# clutch



## mkhatt (Apr 28, 2013)

I need help, i think i just blew out the clutch on my bolens 1054, i heard something break then i had no power, no guts, it will still move around the yard (i actually finished cutting the grass) but wont drive up hills and when you stop you have to give it a push to get it going again.... i found a pad on the ground (ill try to post a picture) where the breaking noise occurred.
where can i find the parts for this? does anyone have access or know where i can get them?
and if not... i have a bolens 1054 for sale well maintained (minus a hard to find clutch hahahha) make an offer 

thanks for the help,
Adam


----------



## Mickey (Aug 14, 2010)

I believe this is the rubber coupling found on both ends (I believe) of the shaft that connects the engine to the trans. Some people make their own replacement using the sidewall from a tire.


----------



## mkhatt (Apr 28, 2013)

To me it looks like the same material as a break pad


----------



## OldBuzzard (Jun 23, 2011)

Contact this fella. He most likely has the parts that you need.

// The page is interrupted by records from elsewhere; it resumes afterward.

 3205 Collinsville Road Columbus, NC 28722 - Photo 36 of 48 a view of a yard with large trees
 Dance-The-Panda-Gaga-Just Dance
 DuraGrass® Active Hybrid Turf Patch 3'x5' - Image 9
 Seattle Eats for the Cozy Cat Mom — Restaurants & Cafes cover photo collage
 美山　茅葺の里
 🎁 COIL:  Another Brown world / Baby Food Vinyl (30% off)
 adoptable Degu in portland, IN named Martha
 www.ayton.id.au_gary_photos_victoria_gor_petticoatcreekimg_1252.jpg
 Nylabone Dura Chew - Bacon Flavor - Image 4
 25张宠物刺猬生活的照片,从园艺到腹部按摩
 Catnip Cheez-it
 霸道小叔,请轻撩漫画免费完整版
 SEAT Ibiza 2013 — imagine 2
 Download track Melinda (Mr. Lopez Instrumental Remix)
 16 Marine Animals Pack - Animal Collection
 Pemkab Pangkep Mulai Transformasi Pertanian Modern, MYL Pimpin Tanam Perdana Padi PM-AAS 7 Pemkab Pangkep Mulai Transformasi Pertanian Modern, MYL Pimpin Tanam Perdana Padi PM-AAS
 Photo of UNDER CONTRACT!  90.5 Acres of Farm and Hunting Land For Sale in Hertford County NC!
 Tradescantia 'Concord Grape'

http://www.tubeframes.com/


----------



## mkhatt (Apr 28, 2013)

Thanks he did indeed, cheep as well


----------



## Mickey (Aug 14, 2010)

Well, what was the failed part?


----------



## mkhatt (Apr 28, 2013)

They are thinking the clutch, so getting a clutch disk rebuild kit looks like a friction disk most likely... going to give it a shot for $30


----------



## Mickey (Aug 14, 2010)

Could be the clutch. As my Bolens is HST, I have no experience with a clutch. Your pic looks pretty close to the flex coupling use on the shaft drive on my machine.

Hope it does the trick for you.


----------